Enter a string value. Press Enter for the default ("").
location_constraint> 
Canned ACL used when creating buckets and storing or copying objects.

This ACL is used for creating objects and if bucket_acl isn't set, for creating buckets too.

For more info visit https://docs.aws.amazon.com/AmazonS3/latest/dev/acl-overview.html#canned-acl

Note that this ACL is applied when server side copying objects as S3
doesn't copy the ACL from the source but rather writes a fresh one.
Enter a string value. Press Enter for the default ("").
Choose a number from below, or type in your own value
 1 / Owner gets FULL_CONTROL. No one else has access rights (default).
   \ "private"
 2 / Owner gets FULL_CONTROL. The AllUsers group gets READ access.
   \ "public-read"
   / Owner gets FULL_CONTROL. The AllUsers group gets READ and WRITE access.
 3 | Granting this on a bucket is generally not recommended.
   \ "public-read-write"
 4 / Owner gets FULL_CONTROL. The AuthenticatedUsers group gets READ access.
   \ "authenticated-read"
   / Object owner gets FULL_CONTROL. Bucket owner gets READ access.
 5 | If you specify this canned ACL when creating a bucket, Amazon S3 ignores it.
   \ "bucket-owner-read"
   / Both the object owner and the bucket owner get FULL_CONTROL over the object.
 6 | If you specify this canned ACL when creating a bucket, Amazon S3 ignores it.
   \ "bucket-owner-full-control"
acl> 

You can quit Rclone once you have completed your S3 remote config.

Backup your Rclone remote locally

The basic syntax to sync a remote is:

rclone sync [REMOTE_NAME]:[BUCKET_OR_FOLDER_NAME] [LOCAL_PATH] -v

The remote name is the remote that you configured via rclone config. Then the bucket or folder name is, in this case, the bucket name in the S3 remote we are trying to access. The local path is the location where you want to sync the file too. Adding -v provides a summary of the completed sync.

Rclone will make the source and the destination identical, modifying the destination only.
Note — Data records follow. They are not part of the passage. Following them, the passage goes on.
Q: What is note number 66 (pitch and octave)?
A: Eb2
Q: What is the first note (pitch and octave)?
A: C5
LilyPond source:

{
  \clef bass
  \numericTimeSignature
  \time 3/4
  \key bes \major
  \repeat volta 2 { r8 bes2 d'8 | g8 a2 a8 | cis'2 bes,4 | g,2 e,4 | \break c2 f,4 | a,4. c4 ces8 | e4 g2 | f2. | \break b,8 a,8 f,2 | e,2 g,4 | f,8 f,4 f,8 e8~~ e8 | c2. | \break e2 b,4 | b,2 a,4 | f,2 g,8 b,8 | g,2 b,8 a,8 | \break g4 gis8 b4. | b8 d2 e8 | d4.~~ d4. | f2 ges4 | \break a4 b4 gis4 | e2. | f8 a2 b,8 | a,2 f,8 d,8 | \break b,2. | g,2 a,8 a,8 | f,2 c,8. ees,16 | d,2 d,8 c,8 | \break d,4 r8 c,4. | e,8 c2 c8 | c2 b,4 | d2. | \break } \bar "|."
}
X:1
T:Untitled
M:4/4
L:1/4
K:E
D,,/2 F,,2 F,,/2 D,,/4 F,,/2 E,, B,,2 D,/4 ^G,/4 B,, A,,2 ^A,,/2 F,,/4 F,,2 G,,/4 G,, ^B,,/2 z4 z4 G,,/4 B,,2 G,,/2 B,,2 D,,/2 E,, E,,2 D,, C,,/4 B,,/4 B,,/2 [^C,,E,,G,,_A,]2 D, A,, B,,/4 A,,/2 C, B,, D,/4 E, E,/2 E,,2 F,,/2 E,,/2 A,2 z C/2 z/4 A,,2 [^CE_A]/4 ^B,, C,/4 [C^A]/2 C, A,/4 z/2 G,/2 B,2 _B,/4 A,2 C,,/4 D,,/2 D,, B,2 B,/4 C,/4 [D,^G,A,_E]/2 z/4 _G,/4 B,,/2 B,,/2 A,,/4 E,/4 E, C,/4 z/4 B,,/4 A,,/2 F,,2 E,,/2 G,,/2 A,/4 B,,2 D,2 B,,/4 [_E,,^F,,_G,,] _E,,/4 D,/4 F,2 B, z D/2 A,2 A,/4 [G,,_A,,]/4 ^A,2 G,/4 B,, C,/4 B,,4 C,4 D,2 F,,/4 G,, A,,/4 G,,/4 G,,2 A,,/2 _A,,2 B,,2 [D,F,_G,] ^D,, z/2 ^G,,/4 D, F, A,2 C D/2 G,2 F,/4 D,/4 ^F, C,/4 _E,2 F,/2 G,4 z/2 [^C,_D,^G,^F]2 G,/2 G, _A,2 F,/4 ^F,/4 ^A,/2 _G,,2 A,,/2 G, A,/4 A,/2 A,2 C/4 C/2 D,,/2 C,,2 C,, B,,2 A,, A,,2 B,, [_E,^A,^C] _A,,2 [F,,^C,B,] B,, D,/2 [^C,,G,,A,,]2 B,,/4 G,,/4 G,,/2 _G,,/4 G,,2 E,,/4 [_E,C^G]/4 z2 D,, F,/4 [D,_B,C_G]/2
Run the following command as root to sync your remote with your local shared folder:

rclone sync WasabiS3:MyBucket /volume1/wasabi-s3-local -v

Example of a sync:

root@mynas:~# rclone sync WasabiS3:MyBucket /volume1/wasabi-s3-local -v
Transferred:        5.489M / 5.489 MBytes, 100%, 19.485 GBytes/s, ETA 0s
Deleted:                0 (files), 2 (dirs)
Transferred:            1 / 1, 100%
Elapsed time:         3.1s

Sync your remote automatically using a Cron job

The example below will show you how to run your Rclone script automatically as a Cron job. This is the final piece in the puzzle to show you how to backup data using Rclone from your Synology NAS with an automatic Cron script.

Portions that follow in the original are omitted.